### Connect to DuckDB + load table

In [1]:
from pathlib import Path
import duckdb
import pandas as pd

project_root = Path.cwd().resolve()
while not (project_root / "Day-1").exists():
    if project_root == project_root.parent:
        raise FileNotFoundError("Could not find project root containing Day-1.")
    project_root = project_root.parent

db_path = project_root / "Day-1" / "data" / "warehouse" / "day1.duckdb"
con = duckdb.connect(str(db_path))
print("Connected to:", db_path)

df = con.execute("SELECT * FROM gold_diabetes_features_v1").df()
print("df shape:", df.shape)
df.head()


Connected to: C:\Users\sarfo\Dropbox\Courses\Data Science\30-days-of-data-science\Day-1\data\warehouse\day1.duckdb
df shape: (101766, 20)


Unnamed: 0,encounter_id,person_id,label,time_in_hospital,num_lab_procedures,num_procedures,num_medications,number_outpatient,number_emergency,number_inpatient,race,gender,age,admission_type_id,discharge_disposition_id,admission_source_id,diabetesMed,change,insulin,A1Cresult
0,2278392,8222157,0,1,41,0,1,0,0,0,Caucasian,Female,[0-10),6,25,1,No,No,No,
1,149190,55629189,0,3,59,0,18,0,0,0,Caucasian,Female,[10-20),1,1,7,Yes,Ch,Up,
2,64410,86047875,0,2,11,5,13,2,0,1,AfricanAmerican,Female,[20-30),1,1,7,Yes,No,No,
3,500364,82442376,0,2,44,1,16,0,0,0,Caucasian,Male,[30-40),1,1,7,Yes,Ch,Up,
4,16680,42519267,0,1,51,0,8,0,0,0,Caucasian,Male,[40-50),1,1,7,Yes,Ch,Steady,


### Train/valid/test split (patient-safe, same 60/20/20 logic)

In [2]:
from sklearn.model_selection import GroupShuffleSplit

y = df["label"].astype(int)
groups = df["person_id"]

# Hold out TEST (20%)
gss1 = GroupShuffleSplit(n_splits=1, test_size=0.20, random_state=42)
idx_trainval, idx_test = next(gss1.split(df, y, groups=groups))

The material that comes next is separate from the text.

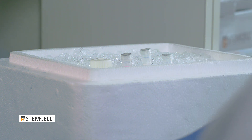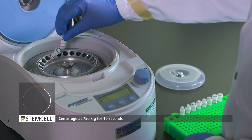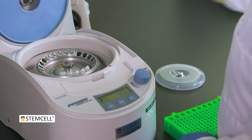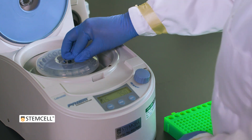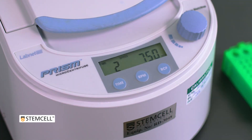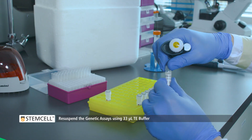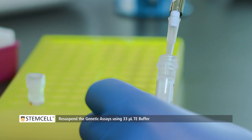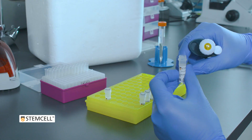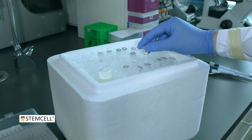Next, prepare the genetic assays. Centrifuge the tubes at 750 times G for 10 seconds. Then add 33 microliters of TE buffer to each tube. Pipet the solution up and down the sides of the tube to ensure complete resuspension. Return the tubes to the icebox and protect from light.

df_trainval = df.iloc[idx_trainval].copy()
df_test = df.iloc[idx_test].copy()

# Split TRAIN vs VALID inside trainval (valid is 25% of trainval -> ~20% of total)
y_tv = df_trainval["label"].astype(int)
g_tv = df_trainval["person_id"]

gss2 = GroupShuffleSplit(n_splits=1, test_size=0.25, random_state=42)
idx_train, idx_valid = next(gss2.split(df_trainval, y_tv, groups=g_tv))

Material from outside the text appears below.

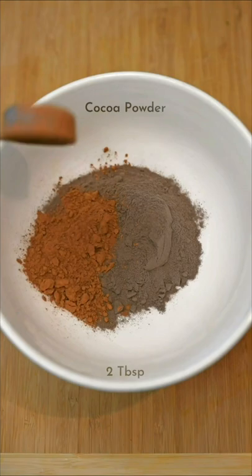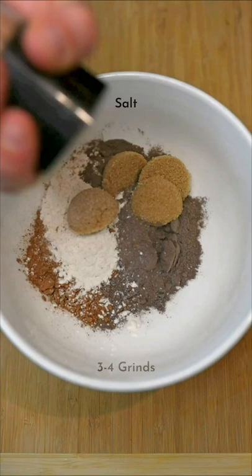One scoop of Rye's Cookie Blast Protein, cocoa powder, flour, calorie-free brown sugar substitute, a few grinds of salt, and baking powder.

df_train = df_trainval.iloc[idx_train].copy()
df_valid = df_trainval.iloc[idx_valid].copy()

print("Train rows:", df_train.shape[0], "Valid rows:", df_valid.shape[0], "Test rows:", df_test.shape[0])
print("Prevalence train/valid/test:",
      float(df_train["label"].mean()),
      float(df_valid["label"].mean()),
      float(df_test["label"].mean()))

# overlap checks (must be 0)
print("Overlap train-valid:", len(set(df_train["person_id"]) & set(df_valid["person_id"])))
print("Overlap train-test:", len(set(df_train["person_id"]) & set(df_test["person_id"])))
print("Overlap valid-test:", len(set(df_valid["person_id"]) & set(df_test["person_id"])))


Train rows: 60988 Valid rows: 20625 Test rows: 20153
Prevalence train/valid/test: 0.11218600380402702 0.11461818181818181 0.10673348881059892
Overlap train-valid: 0
Overlap train-test: 0
Overlap valid-test: 0


### Preprocessing (dense one-hot for hist_gb)

In [3]:
from sklearn.compose import ColumnTransformer
from sklearn.preprocessing import OneHotEncoder, StandardScaler
from sklearn.pipeline import Pipeline
from sklearn.impute import SimpleImputer

id_cols = ["encounter_id", "person_id", "label"]
feature_cols = [c for c in df.columns if c not in id_cols]

numeric_cols = [
    "time_in_hospital", "num_lab_procedures", "num_procedures", "num_medications",
    "number_outpatient", "number_emergency", "number_inpatient"
]
categorical_cols = [c for c in feature_cols if c not in numeric_cols]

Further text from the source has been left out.